Segment Start: RECORDS TO USE

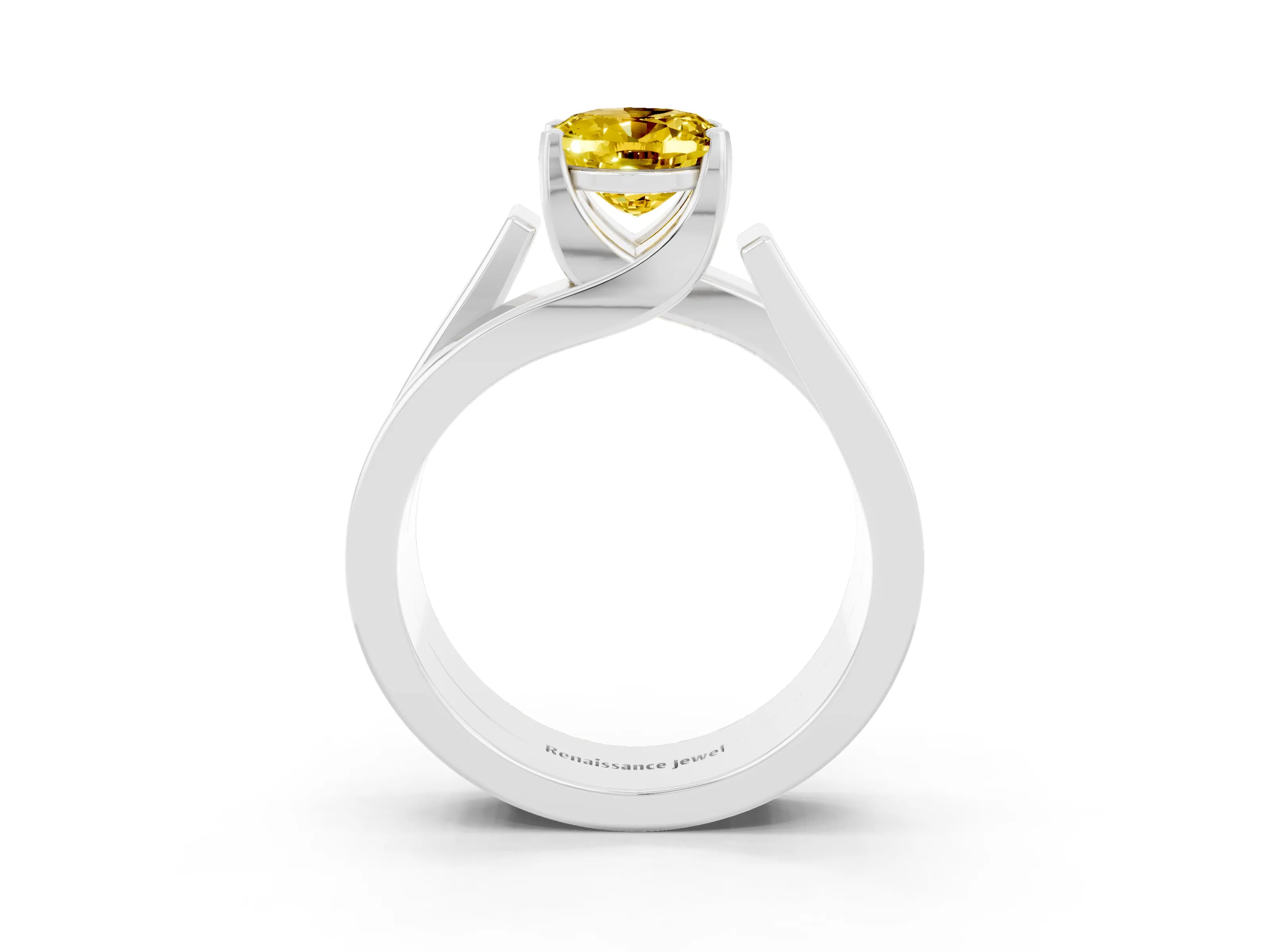 White gold Modern Tension Set Oval Cut Yellow Sapphire Solitaire Wide Band Ring_15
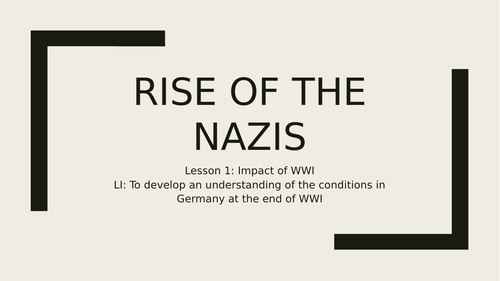 Rise of the Nazis: Impact of WWI Lesson 1 | Teaching Resources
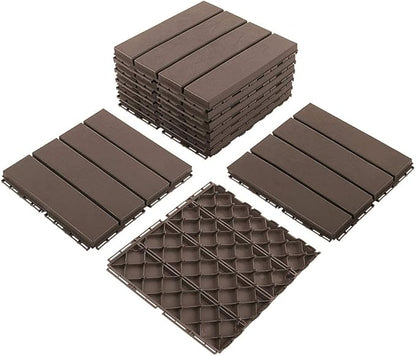 domi Outdoor Living Patio Deck Tiles, 12 x 12 inches Composite Interlocking Decking Tile, Four Slat Plastic Outdoor Flooring, 9 Pieces One Pack, Dark Brown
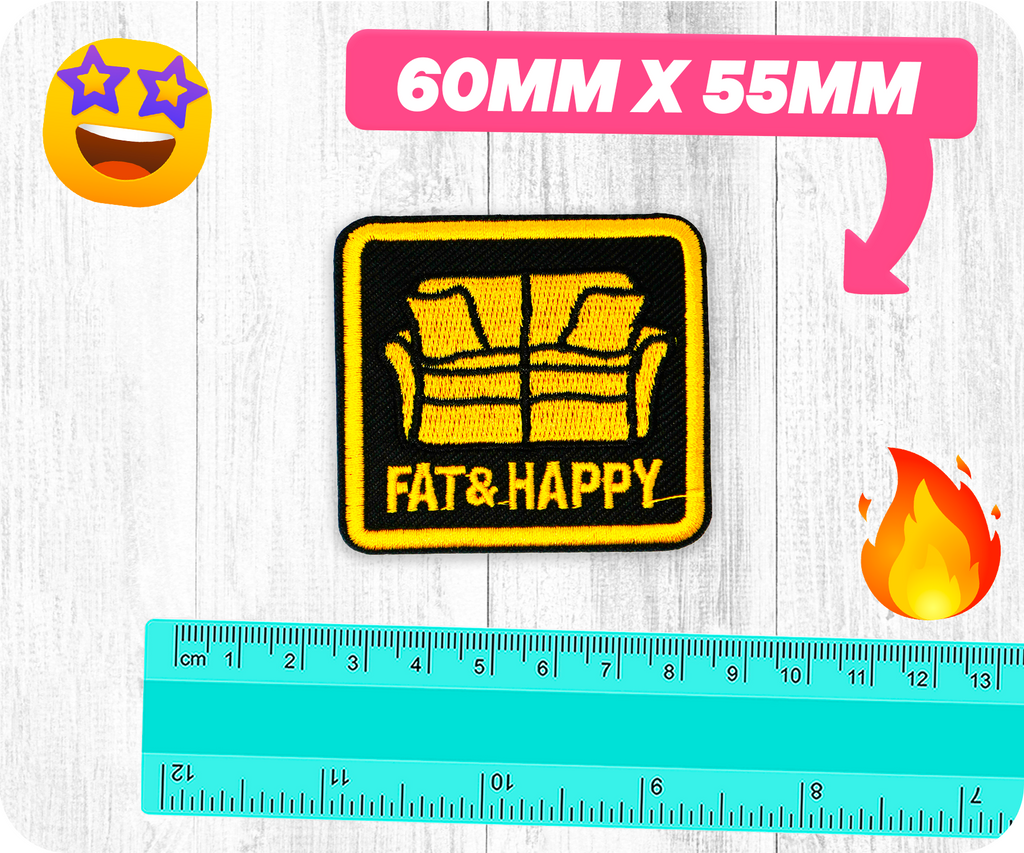 Fat & Happy Funny Couch Sofa Iron On Patch (6 x 5.5cm)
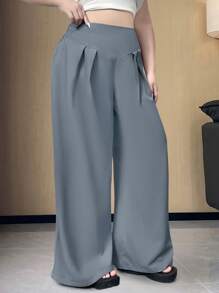 Flirla Pantalones anchos de talla grande de cintura alta, de unicolor y casuales - Azul - Ver 4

Segment End: RECORDS TO USE

### TO DO
Repeat only the lines from the line with "Rise of the" to the end of the entries, including both the first and the last line, and drop every picture.

### ANSWER FOR THE TASK
 Rise of the Nazis: Impact of WWI Lesson 1 | Teaching Resources
 domi Outdoor Living Patio Deck Tiles, 12 x 12 inches Composite Interlocking Decking Tile, Four Slat Plastic Outdoor Flooring, 9 Pieces One Pack, Dark Brown
 Fat & Happy Funny Couch Sofa Iron On Patch (6 x 5.5cm)
 Flirla Pantalones anchos de talla grande de cintura alta, de unicolor y casuales - Azul - Ver 4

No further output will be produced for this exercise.